**DATASET EXCERPT:**
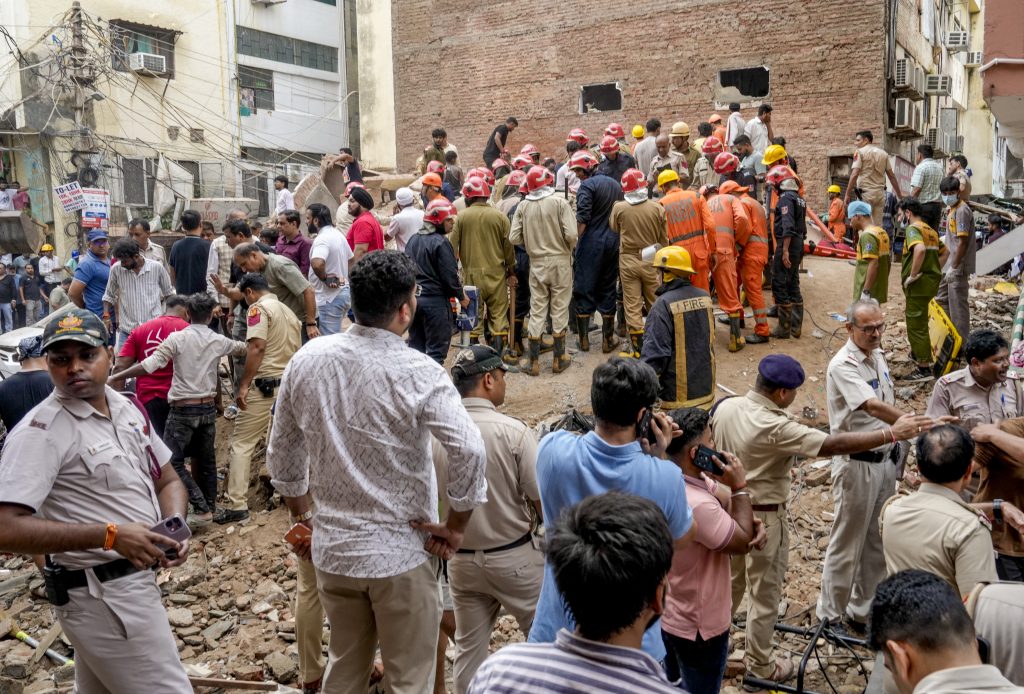 Satya Niketan Delhi building collapsed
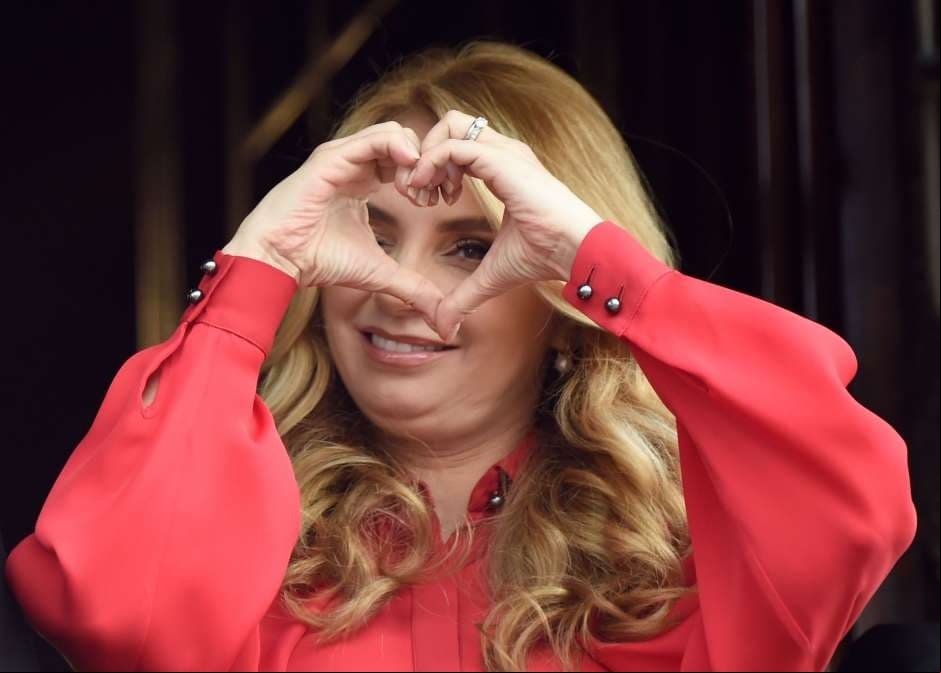 Sin duda, bien dicen que hay algunas amistades que pueden durar toda la vida, y es por eso la importancia de cuidar un amigo sobre todas las cosas, en las buenas y en las malas como Angélica Rivera con Chantal Andere, Cynthia Klitbo, Azela Robinson y Carina Ricco.
<br>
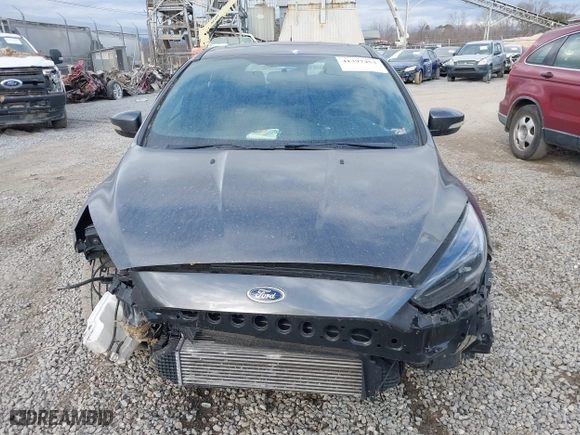 2015 Ford Focus ST with VIN 1FADP3L9XFL227184, listed as a IAAI auction lot 41397453 with 71,061 mi miles. Bid and sale history available at carsss.com. Image 13.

**TASK DETAILS:** The whole listing is to be written out exactly; the pictures stay out of the copy.

**TASK RESPONSE:**
 Satya Niketan Delhi building collapsed
 Sin duda, bien dicen que hay algunas amistades que pueden durar toda la vida, y es por eso la importancia de cuidar un amigo sobre todas las cosas, en las buenas y en las malas como Angélica Rivera con Chantal Andere, Cynthia Klitbo, Azela Robinson y Carina Ricco.
<br>
 2015 Ford Focus ST with VIN 1FADP3L9XFL227184, listed as a IAAI auction lot 41397453 with 71,061 mi miles. Bid and sale history available at carsss.com. Image 13.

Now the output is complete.